Technical Requirements
This is a list of technical requirements that the DLB user should be aware of. Not all of these are strictly necessary and will depend on the application or programming model used, but it is important to know all these factors for a successful DLB execution.
Programming models
DLB was originally designed to alleviate load imbalance issues in HPC applications using two programming models simultaneously: MPI for the outer level of parallelism, and any thread-based programming model for the inner level, such as OpenMP or OmpSs.
But technically, none of the above is strictly necessary. An application could have its own thread management and still use DLB, as long as the application communicates with the library to share resources dynamically. MPI is not necessary either, DLB supports resource sharing between different processes, even if they are not the same application (or they are, but DLB is not aware of it). Nevertheless, DLB uses MPI to detect which process is more unbalanced, and without this information, the application has to provide it to DLB via its API.
Preload mechanism for MPI applications
DLB implements the MPI interface to capture each MPI call made by the application, and then calls the original MPI function using the PMPI profiling interface.
To enable MPI support for DLB, the application must either be linked or
preloaded with the DLB MPI library libdlb_mpi.so. Using
the preload mechanism has the advantage that the application binary is the
same as the original, and it only requires setting an environment variable
before execution.
Use the LD_PRELOAD environment variable to specify the MPI DLB library.
The library libdlb_mpi.so should intercept both C and Fortran MPI symbols.
In case of problems, check DLB configure flags to
build separate libraries.
Non-busy-waiting for MPI calls
Typically, MPI implementations have at least two ways of waiting for a blocking MPI call: busy-waiting and non-busy-waiting; or even a parameterised hybrid mode. In busy-waiting mode, the thread calling the MPI function repeatedly checks if the MPI call is finished, while in non-busy-waiting mode the thread can use other techniques to block its execution and not overuse the current CPU.
By default, DLB shares all CPUs whose associated thread is blocked in MPI.
This means that even if a thread is in MPI busy-waiting mode, this CPU can be
assigned to another process. To avoid sharing the CPU while it is executing an
MPI blocking call, use the --lewi-keep-one-cpu option.

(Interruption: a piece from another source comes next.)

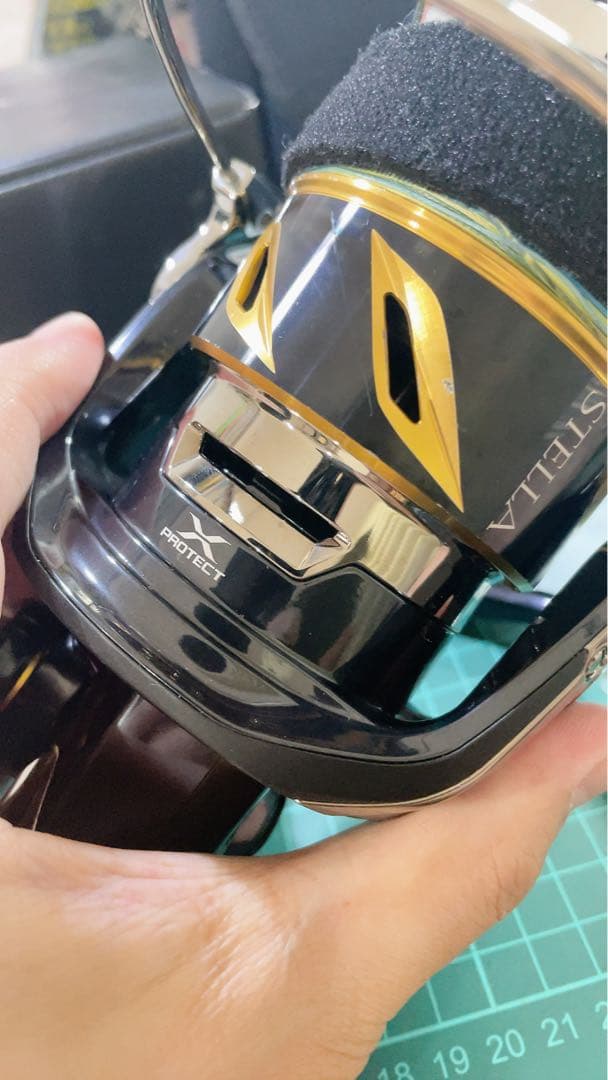 19ステラ14000XG☆シマノ☆平政☆マグロ☆早い者勝ち★処分品★釣り引退☆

Parallel regions in OpenMP
OpenMP (5.2 and below) parallelism is based on a fork-join model where threads are created (virtually or assigned to a team) when the running thread encounters a parallel construct.
This model limits DLB because it can only assign CPUs to a process just before a parallel construct. For this reason, an application with very few parallel constructs may get minimal benefit from DLB.
This limitation may be overcome with the upcoming OpenMP 6.0 and its free-agent threads, where tasks can be assigned to threads that may be created later and not part of a parallel region.